2.  The parenting corner by Debra Jones

My twins are as different as night and day.  So it is often difficult to find something that works well for both of them.  One of my daughters is highly interpersonal.  She longs for companionship and is always the peacemaker among her friends.  She does not enjoy doing things alone.  My other daughter is quite the opposite.  She is a very deep thinker (for a six year old) and she likes to find her own path in life.  She also enjoys being a leader in a group (whenever she can find someone willing to follow her).

So when I look at possible activities for my children, I try to find things that have a good mix: something that both of my daughters can enjoy.  That is why we have been so please with our experience in Girl Scouting.  This will be their second year in scouts (and my first as their leader).  What scouts offer to my twins is an outlet for one to enjoy interpersonal relationships and work in groups; while the other is having the opportunity to enjoy taking on responsibility and leadership roles.

The best part of scouts is that it also gives them an opportunity to stretch in many of the areas they may not be as comfortable in, without feeling pushed or put on the spot.  From my own personal experience in scouting, and from what my daughters have experienced, I can see how this organization lends itself to girls with many different strengths and areas of preference.  But it also allows the girls to step out of their comfort zone and to try new things, perhaps things they might never have attempted on their own.

Scouting may not be the right choice for everyone.  There are many things to consider (one of which is the time demands it places on your family).  But we have found it to be a worthwhile adventure for our family. And I am sure many others can benefit from the experience as well.  If you would like more information on Girl Scouting in the U.S.A., you can look at their web site at: http://www.gsusa.org.  And for those of you with sons, you can look over the Boy Scouting program at this web site: http://www.bsa.scouting.org/


3.  Individually Configureed Education: The key educational imperative by Howard Gardner

Excerpted with permission of the author from
Intelligence Reframed: Multiple Intelligences for the 21st Century
Basic Books, 1999

As I have made clear, almost any number of educational programs can be crafted in the shadow of MI theory.  However, there is one form of education that is antagonistic in spirit to MI – the uniform school.  Unfortunately, throughout human history, the schooling of choice has been uniform, and so it is necessary to understand its power as well as its fundamental flaws.

The essence of uniform schooling is the belief that every individual should be treated in the same way: study the same subjects in the same way and be assessed in the same way.  At first, this seems fair: No one has special advantages.  And yet, a moment's thought reveals the essential inequity in the uniform school.  The uniform school is based on the assumption that all individuals are the same and, therefore, that uniform schooling reaches all individuals equally and equitably.  But we obviously look different from one another and have different personalities and temperaments.  Most important, we also have different kinds of minds.  Indeed, if we follow the line of reasoning in this book, no two people have exactly the same kinds of minds, since we each assemble our intelligences in unique configurations.

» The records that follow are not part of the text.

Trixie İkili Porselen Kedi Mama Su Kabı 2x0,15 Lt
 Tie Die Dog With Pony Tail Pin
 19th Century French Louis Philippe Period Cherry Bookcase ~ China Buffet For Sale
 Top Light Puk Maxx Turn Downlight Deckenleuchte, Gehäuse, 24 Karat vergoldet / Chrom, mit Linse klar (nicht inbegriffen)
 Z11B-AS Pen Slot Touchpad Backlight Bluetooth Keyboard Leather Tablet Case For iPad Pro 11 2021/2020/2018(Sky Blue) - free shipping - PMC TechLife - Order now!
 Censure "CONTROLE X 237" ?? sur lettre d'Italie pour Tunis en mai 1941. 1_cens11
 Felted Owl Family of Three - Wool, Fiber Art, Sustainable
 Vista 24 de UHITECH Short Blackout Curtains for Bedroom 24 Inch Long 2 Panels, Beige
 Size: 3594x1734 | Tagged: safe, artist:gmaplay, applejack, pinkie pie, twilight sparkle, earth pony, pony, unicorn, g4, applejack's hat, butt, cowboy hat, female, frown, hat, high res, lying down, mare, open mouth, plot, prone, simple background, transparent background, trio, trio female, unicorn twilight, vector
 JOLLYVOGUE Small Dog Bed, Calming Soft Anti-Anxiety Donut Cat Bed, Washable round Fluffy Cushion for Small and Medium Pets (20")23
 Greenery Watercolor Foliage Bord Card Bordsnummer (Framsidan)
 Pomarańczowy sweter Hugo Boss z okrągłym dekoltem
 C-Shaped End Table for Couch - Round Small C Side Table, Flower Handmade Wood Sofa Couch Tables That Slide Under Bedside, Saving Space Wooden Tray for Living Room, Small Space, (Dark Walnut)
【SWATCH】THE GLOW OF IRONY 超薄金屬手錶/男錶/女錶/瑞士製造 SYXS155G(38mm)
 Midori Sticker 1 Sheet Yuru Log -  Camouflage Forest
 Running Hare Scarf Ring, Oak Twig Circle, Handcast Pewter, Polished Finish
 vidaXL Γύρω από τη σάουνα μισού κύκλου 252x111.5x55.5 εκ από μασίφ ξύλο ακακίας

As educators, we face a stark choice: ignore these differences or acknowledge them.  Sometimes, they are ignored out of ignorance; sometimes they are ignored because educators are either frustrated by the differences, or convinced that individuals are more likely to become members of a community if they can learn to be more alike.  But those who ignore the differences are not being fair -- and are typically focusing only on the language-logic mind (as perhaps most perfectly embodied in the mind of the law professor).  To the extent that the student and the teacher share that focus, the student will do well and consider herself smart.  But if the student has a fundamentally different kind of mind, she is likely to feel stupid -- at least while attending that school.

What is the alternative?  One possibility is individually configured education -- an education that takes individual differences seriously and, insofar as possible, crafts practices that serve different kinds of minds equally well.  Because it is not an educational goal in the sense I have been discussing, individually configured education can fit comfortably with a variety of goals: a traditional or experimental curriculum, an education aimed at breadth or depth, an education that seeks to develop liberal arts sensitivity, or an education oriented to the world of practice, vocations, or civic-mindedness.  The crucial ingredient is a commitment to knowing the minds -- the persons -- of individual students.  This means learning about each student's background, strengths, interests, preferences, anxieties, experiences, and goals, not to stereotype or to preordain but rather to ensure that educational decisions are made on the basis of an up-to-date profile of the student.

It is not necessary to move directly from this goal to a formal assessment of intelligence.  Whatever their philosophies, good teachers, tutors, and coaches have always sought to know their students well.  And these pedagogues have rarely used formal instruments to identify individuating features; they have observed, reflected, and spoken to the students and those close to them.  The theory of multiple intelligences can be helpful because, as Mindy Kornhaber has pointed out, it is a good initial organizer.  If one wants to know students well, it is helpful to have a set of categories by which one can describe their strengths and weaknesses, bearing in mind my cautions about labeling.  One needs to go well beyond the eight intelligences, because they represent, at the most, a first cut.  And one must be prepared to update the descriptions regularly, because, happily, the minds of students -- and, indeed, even the minds of their elders -- are subject to change.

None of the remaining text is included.